Freedom Is Not Elected


Mr Smith is a writer living in Santa Maria, California. He has been a frequent contributor to The Wall Street Journal.

There seems to be a lot of confusion about freedom. Many people tie it to democracy or, to be more exact, representative government. The idea is that freedom is safe as long as elected representatives are sitting in some distant assembly hall. Actually the concepts of freedom and representative government are only distantly related, and the presence of one doesn’t guarantee the presence of the other.

Freedom flourishes best under representative government. But such a system of government is no guarantor of freedom. It is only a tool to help with the job. We might say that it is better to drive a nail with a hammer than with a rock, but the mere fact of owning a hammer doesn’t mean that anyone is going to be driving nails.
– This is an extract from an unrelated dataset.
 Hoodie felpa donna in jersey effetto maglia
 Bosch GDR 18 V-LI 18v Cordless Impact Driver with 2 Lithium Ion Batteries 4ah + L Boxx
Freedom is something that exists alone, and of itself. A big turnout on election day is meaningless if those elected aren’t primarily concerned with the fights of the individual. If, indeed, the people who are elected are intent upon passing laws that impinge on personal freedom, then representative government is working against the people.

We would do well to remember that the United States was founded upon the idea of freedom and not necessarily democracy. Those brave souls who tossed the tea into Boston harbor on that December night in 1773 were not motivated by thoughts of a Senate and a House of Representatives and how much power either one would have. They were interested in freedom, and they were quite content to save the details for another time and place. Patrick Henry was in the same frame of mind when he put forth the liberty-or-death ultimatum, perhaps the most courageous words ever spoken publicly.

The great motivating principle behind our break with Great Britain was the simple, fundamental matter of personal freedom. This was the issue. Our three branches of government, our electoral process, our two-party system, our local governments, and even our Constitution are nothing more than tools to achieve this end; they are not ends in themselves. They are important only insofar as they protect individual fights, and when they fail to do this they have stopped working.

Our representatives are not in office to carve comfortable niches for themselves or to pander to bloc votes. Nor are they there to decide what is best for a constituency that cannot think for itself. They are there solely to protect individual liberties. It is ironic that they should be the ones from whom we need protection.

A sitting assembly is no guarantee that anyone’s rights are being protected, or even considered. The People’s Republics that sprang up in Asia and Eastern Europe after World War II are ample proof that large bodies of people calling themselves legislatures have no direct relationship to the freedom of the governed. Even with the built-in safeguards of our Constitution, a legislature that is bent upon raising taxes and passing laws curtailing individual freedom is not performing any service for those who still consider themselves to be separate entities and not part of an artificially defined economic or social class.

Nor is a high court, in itself, any protection for individual liberty. Judges who tend to legislate, rather than adjudicate, in no way are fulfilling their roles as public servants and are certainly upsetting the system of checks and balances that is supposed to keep the machine running. When the courts choose to work against the public interest, they have ceased to function as instruments of justice.

Legislative assemblies, courts, public buildings, and legal documents are only the trappings of freedom; they are equipment. If this equipment puts restrictions upon individual rights, then it becomes nothing more than an obstacle. Without freedom, government is just something to be bypassed or avoided—it is, in effect, the enemy.

Anyone who doubts this should reflect upon that night in 1773 when 342 chests of British tea went over the side. I don’t think that the point could be made more clearly.